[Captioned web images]
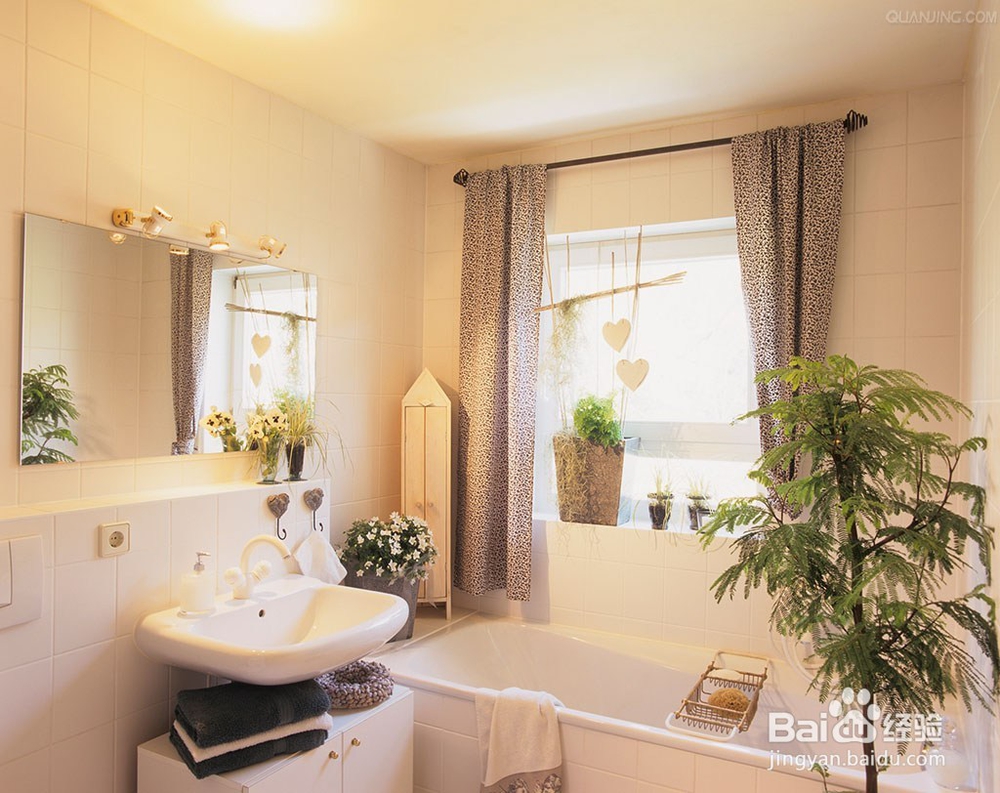 家里一定要摆放这几种绿植，保你财旺，运气旺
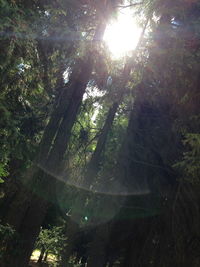 Sun shining through trees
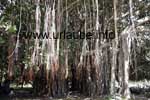 Der innere Bereich eines großen Banyan-Baumes am Cap Malheureux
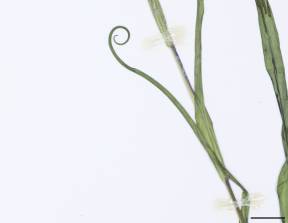 Petite image rapproché des traits de caractéristiques de la plante: Salsifis des prés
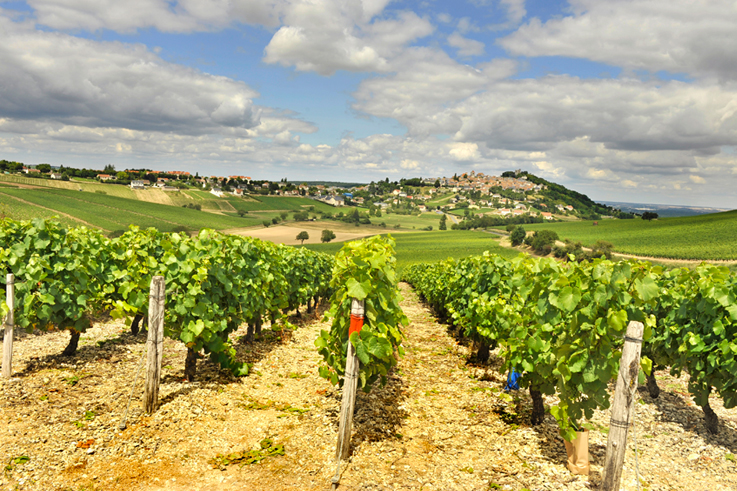 Vignoble de Sancerre foire aux vins val de loire ©CRT Centre Val de Loire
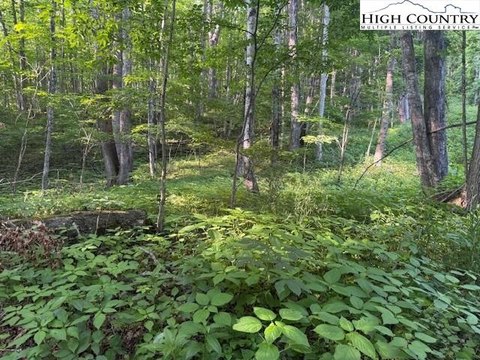 Creston Land Near Game Lands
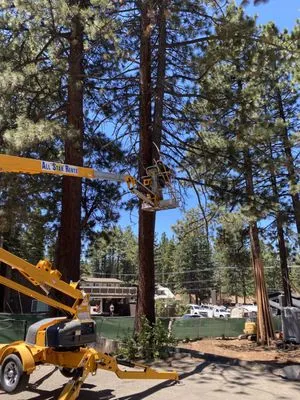 Arbor Green Tree & Landscape Company Logo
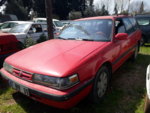 20190402_114152.jpg
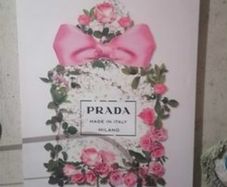 2 picture canvas 10 euro for both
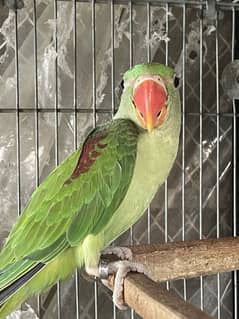 wildlife certified RAW for Sale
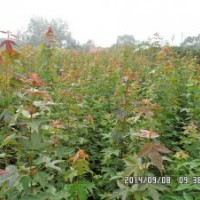 供應(yīng)當(dāng)年五角楓、三角楓、紫丁香、暴馬丁香、黃櫨、紅櫨、北欒實(shí)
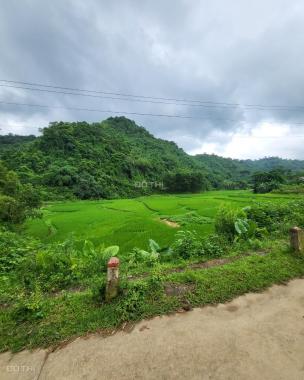 Sang nhượng gấp 1945m2 đất thổ cư view cực đẹp tại Lương Sơn, Hòa Bình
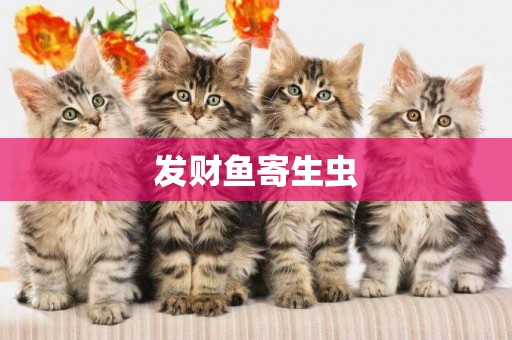 發財魚寄生蟲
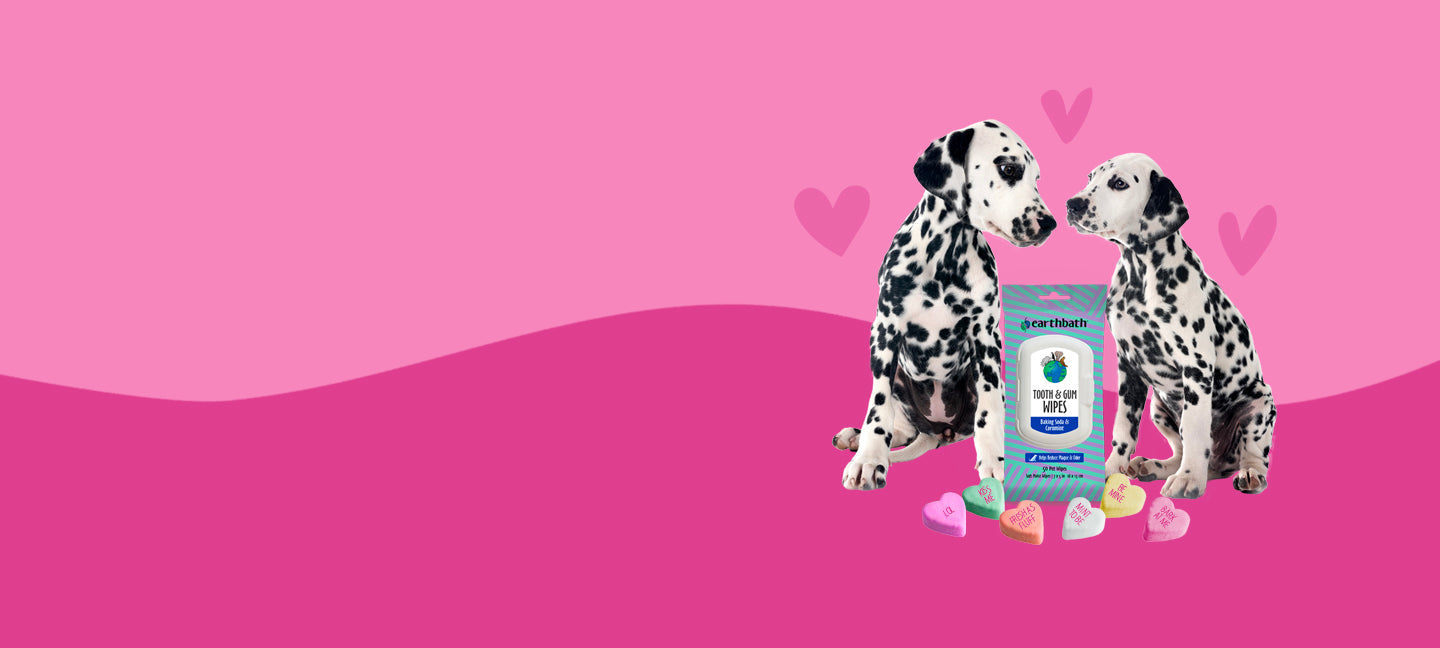 Two dalmatians kissing with earthbath tooth & gum wipe with pink background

Directions: Leave out the pictures and print each record exactly as it stands.

Answer to the problem:
 家里一定要摆放这几种绿植，保你财旺，运气旺
 Sun shining through trees
 Der innere Bereich eines großen Banyan-Baumes am Cap Malheureux
 Petite image rapproché des traits de caractéristiques de la plante: Salsifis des prés
 Vignoble de Sancerre foire aux vins val de loire ©CRT Centre Val de Loire
 Creston Land Near Game Lands
 Arbor Green Tree & Landscape Company Logo
 20190402_114152.jpg
 2 picture canvas 10 euro for both
 wildlife certified RAW for Sale
 供應(yīng)當(dāng)年五角楓、三角楓、紫丁香、暴馬丁香、黃櫨、紅櫨、北欒實(shí)
 Sang nhượng gấp 1945m2 đất thổ cư view cực đẹp tại Lương Sơn, Hòa Bình
 發財魚寄生蟲
 Two dalmatians kissing with earthbath tooth & gum wipe with pink background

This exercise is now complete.